_Information shown_.
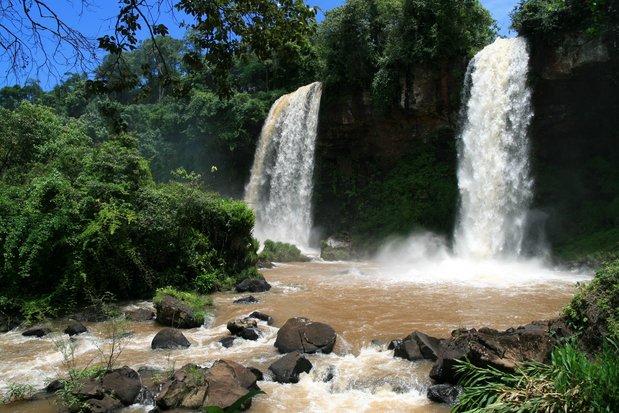 Cataratas del Iguazú
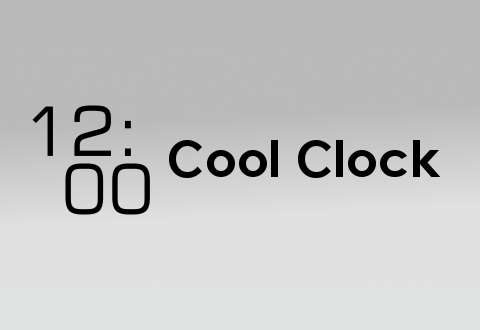 Cool Clock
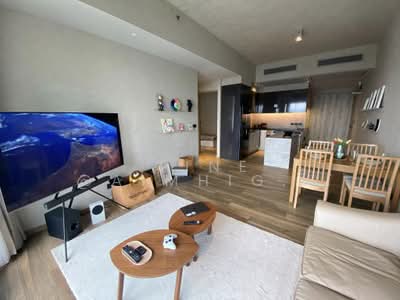For Rent - The Lofts Asoke, Bangkok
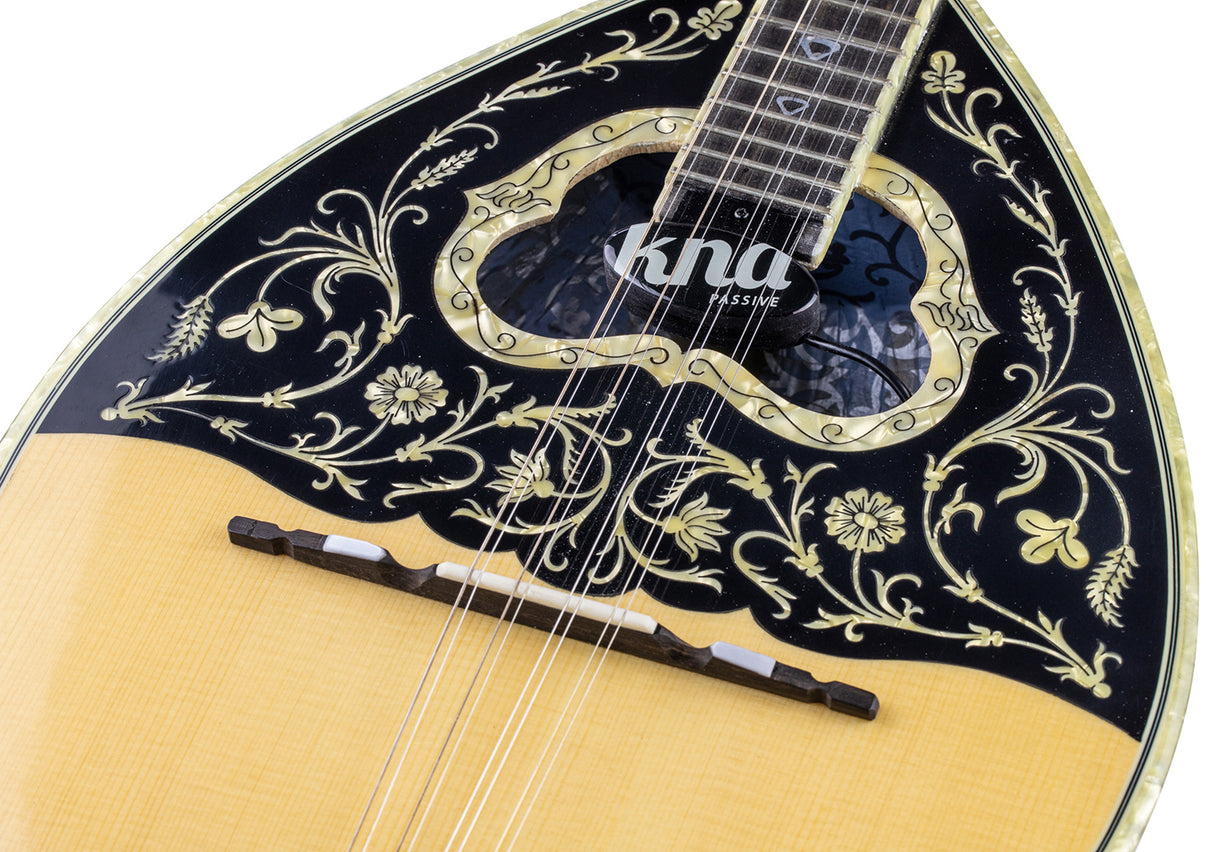 KNA BZ-1 Bouzouki Pickup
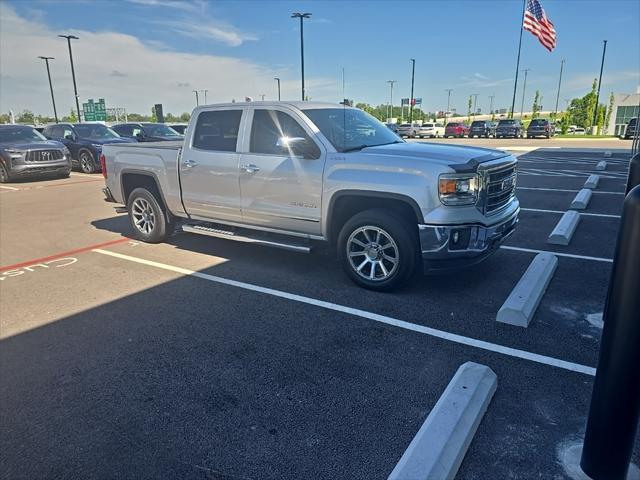 used 2015 GMC Sierra 1500 car, priced at $27,998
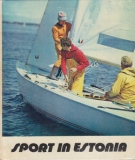 Sport in Estonia - A short history (1977)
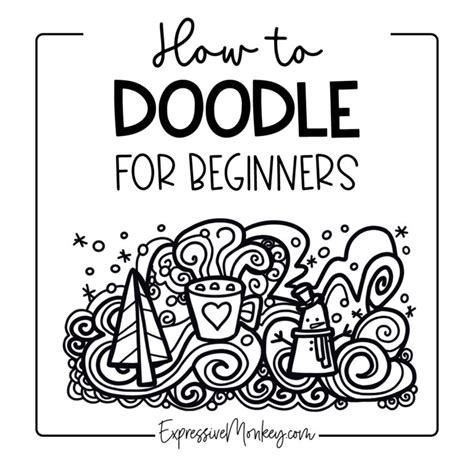 Doodle Tutorial for Beginners 的图像结果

_Aim of the exercise_. Your task is a word-for-word transcription of the entries, leaving out all pictures.

_Task answer_.
 Cataratas del Iguazú
 Cool Clock
For Rent - The Lofts Asoke, Bangkok
 KNA BZ-1 Bouzouki Pickup
 used 2015 GMC Sierra 1500 car, priced at $27,998
 Sport in Estonia - A short history (1977)
 Doodle Tutorial for Beginners 的图像结果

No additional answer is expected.